VIS 6 is an extension of the SPARC instruction set. The VIS instructions can process four 16-bit data, packed into a register with one instruction. This instruction set can accelerate processing of some algorithms by as much as 7 times, by performing up to 10 operations in parallel per cycle [38]. Applications using imaging, linear algebra, signal processing, audio, video and networking can benefit from this increased performance. Applications written in the Java programming language can use VIS by means of wrappers. Wrappers in Java technology use Java Native Interface (JNI) to access the library. Usage

VIS can be used with the VSDK [39] or the Media Library [40].

a. Examples:

VectorAdd(), MatrixAdd(), MatrixMul()

b. Wrappers for Java applications are also available for accessing the VIS library using JNI.

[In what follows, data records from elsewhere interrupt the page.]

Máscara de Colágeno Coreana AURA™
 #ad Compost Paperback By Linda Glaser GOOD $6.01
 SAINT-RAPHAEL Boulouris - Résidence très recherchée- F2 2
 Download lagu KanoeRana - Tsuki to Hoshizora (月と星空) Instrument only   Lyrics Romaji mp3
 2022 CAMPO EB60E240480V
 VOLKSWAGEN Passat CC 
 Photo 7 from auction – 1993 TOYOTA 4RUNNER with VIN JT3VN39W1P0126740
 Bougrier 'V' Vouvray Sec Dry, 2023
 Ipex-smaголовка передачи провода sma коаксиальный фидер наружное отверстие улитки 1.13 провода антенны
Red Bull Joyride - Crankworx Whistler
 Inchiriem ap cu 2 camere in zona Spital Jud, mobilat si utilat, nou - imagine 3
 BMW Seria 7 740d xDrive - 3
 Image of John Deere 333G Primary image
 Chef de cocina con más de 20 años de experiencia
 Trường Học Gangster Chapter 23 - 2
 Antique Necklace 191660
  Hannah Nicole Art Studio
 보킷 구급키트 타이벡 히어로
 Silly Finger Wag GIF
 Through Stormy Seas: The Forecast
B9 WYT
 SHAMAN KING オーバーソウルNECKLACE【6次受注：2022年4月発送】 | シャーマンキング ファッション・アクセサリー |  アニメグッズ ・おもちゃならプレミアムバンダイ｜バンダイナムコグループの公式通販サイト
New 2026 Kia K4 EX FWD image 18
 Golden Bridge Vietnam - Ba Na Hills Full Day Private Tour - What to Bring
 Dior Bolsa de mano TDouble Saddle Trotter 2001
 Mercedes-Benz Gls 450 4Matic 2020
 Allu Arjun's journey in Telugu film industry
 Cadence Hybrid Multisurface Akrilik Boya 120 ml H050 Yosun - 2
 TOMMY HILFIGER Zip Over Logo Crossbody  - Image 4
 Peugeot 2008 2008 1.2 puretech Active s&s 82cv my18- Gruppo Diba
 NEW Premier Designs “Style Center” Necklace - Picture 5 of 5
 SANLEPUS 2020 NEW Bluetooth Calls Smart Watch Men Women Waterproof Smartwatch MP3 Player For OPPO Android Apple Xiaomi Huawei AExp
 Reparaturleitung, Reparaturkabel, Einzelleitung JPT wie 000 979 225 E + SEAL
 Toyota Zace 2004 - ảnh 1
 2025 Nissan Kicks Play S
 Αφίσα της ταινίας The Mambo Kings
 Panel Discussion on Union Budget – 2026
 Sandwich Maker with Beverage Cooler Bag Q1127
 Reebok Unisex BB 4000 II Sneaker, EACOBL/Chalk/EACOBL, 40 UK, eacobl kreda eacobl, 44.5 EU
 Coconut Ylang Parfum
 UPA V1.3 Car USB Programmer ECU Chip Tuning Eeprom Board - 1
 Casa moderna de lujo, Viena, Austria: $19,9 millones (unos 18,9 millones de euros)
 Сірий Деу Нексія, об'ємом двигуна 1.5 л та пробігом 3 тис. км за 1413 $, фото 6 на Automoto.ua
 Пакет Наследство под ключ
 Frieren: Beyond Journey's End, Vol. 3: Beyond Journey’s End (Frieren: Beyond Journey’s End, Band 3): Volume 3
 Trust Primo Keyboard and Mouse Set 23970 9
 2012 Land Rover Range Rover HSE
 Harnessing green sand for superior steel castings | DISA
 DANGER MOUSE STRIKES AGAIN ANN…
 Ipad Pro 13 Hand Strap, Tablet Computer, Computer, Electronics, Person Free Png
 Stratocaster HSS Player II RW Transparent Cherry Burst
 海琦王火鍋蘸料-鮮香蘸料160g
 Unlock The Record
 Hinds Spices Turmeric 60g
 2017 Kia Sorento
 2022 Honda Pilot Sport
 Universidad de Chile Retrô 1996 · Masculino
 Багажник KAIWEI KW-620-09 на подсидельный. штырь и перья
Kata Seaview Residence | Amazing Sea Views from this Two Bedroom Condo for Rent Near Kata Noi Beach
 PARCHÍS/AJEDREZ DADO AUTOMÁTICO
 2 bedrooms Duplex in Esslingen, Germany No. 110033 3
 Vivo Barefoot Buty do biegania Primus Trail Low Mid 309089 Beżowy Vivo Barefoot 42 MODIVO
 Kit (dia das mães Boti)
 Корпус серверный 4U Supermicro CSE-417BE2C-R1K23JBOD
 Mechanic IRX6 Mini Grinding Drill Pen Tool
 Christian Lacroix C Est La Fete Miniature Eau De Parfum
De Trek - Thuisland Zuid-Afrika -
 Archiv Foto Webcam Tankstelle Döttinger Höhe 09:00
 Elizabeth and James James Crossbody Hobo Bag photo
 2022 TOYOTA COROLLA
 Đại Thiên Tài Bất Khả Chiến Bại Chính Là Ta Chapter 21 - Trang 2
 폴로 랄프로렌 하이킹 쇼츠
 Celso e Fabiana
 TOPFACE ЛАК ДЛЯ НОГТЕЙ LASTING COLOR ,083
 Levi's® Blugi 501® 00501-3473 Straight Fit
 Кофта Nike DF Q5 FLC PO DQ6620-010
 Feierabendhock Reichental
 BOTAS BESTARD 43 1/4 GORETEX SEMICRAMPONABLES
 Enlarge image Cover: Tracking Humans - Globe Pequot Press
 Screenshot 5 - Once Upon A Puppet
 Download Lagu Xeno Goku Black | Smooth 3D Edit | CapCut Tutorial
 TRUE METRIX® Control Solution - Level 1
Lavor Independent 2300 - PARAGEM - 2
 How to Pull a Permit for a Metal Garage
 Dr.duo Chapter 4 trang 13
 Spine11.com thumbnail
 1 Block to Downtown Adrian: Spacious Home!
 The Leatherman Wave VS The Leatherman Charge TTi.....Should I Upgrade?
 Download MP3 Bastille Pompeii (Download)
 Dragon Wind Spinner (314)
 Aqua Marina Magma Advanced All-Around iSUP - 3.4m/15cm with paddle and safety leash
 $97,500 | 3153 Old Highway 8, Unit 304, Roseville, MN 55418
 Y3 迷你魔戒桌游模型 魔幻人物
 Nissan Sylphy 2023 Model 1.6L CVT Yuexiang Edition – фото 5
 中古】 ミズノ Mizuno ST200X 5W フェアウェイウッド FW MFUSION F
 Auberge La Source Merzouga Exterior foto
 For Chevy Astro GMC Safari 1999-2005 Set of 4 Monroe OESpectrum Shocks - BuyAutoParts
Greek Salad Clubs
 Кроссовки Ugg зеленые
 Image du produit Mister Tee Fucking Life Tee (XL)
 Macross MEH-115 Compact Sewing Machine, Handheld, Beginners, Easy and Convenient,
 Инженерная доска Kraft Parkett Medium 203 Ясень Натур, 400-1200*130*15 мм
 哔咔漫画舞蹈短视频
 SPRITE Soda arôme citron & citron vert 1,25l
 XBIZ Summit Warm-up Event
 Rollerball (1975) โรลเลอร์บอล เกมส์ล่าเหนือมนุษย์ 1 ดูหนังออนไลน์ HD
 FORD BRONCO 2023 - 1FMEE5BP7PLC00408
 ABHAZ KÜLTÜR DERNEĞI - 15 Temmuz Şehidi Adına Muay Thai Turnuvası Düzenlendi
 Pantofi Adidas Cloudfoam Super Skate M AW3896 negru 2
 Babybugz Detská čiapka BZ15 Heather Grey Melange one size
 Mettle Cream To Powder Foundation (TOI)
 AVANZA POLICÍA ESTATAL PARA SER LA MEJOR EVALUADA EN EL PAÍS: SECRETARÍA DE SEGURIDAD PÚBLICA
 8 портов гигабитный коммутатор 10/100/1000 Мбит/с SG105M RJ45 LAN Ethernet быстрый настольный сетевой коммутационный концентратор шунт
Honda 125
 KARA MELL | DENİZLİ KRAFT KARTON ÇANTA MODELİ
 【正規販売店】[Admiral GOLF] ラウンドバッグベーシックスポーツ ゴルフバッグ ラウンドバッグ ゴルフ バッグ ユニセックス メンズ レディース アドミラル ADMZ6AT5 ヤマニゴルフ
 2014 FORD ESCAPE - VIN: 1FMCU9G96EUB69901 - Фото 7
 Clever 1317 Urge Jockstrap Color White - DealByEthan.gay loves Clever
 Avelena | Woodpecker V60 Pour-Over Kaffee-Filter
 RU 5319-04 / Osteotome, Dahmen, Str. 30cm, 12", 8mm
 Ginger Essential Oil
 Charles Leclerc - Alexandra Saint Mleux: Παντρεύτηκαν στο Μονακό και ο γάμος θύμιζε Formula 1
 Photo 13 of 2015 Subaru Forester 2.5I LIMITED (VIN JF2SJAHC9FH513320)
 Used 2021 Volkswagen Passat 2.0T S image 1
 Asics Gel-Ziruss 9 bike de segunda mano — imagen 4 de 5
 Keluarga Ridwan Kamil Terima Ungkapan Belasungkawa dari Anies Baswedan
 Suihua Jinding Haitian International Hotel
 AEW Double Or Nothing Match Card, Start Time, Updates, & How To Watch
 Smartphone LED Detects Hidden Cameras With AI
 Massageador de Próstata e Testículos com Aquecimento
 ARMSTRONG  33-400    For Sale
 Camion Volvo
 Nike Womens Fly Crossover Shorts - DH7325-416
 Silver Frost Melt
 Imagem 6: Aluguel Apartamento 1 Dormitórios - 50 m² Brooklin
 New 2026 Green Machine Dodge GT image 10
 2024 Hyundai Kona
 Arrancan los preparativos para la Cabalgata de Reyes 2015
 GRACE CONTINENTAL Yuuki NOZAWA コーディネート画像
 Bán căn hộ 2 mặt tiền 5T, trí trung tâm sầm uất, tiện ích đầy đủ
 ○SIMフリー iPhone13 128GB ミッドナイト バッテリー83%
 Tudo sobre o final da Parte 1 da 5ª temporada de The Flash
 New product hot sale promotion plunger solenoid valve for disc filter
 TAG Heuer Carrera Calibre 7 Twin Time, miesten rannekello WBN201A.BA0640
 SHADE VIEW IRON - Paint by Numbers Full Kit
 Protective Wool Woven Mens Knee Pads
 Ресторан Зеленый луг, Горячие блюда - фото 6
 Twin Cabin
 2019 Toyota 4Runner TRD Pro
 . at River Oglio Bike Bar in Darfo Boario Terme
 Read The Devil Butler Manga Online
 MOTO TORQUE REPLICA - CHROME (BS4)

2.3 Single-Threaded Applications

As the Solaris OS uses a 1:1 threading model, an application thread has a corresponding kernel thread. A multi-threaded application has n application threads (LWPs), and n kernel threads. A single-threaded application has one LWP.

Running multiple single-threaded processes results in your application appearing as multiple LWPs to the kernel. The difference between the single-threaded application and multi-threaded application is the size of the process, how the data segments are loaded in memory, and the address space. In single-threaded apps, text and libraries segments are shared, but data can only be shared through interprocess communication across an address space. On the other hand, in a multi-threaded process, data between LWPs can be shared through intra-process communication within an address space, including direct access to a global variable.

The second difference is the scheduling. The Time Share (TS) class has the time-quanta per process, so each LWP gets more core time. A single-threaded application waiting for IO will be context switched, but in a multi-threaded app, a second thread could continue processing using the time-quanta. Running multiple copies of a single-threaded process results in a process context switch, which is more expensive than a thread context switch.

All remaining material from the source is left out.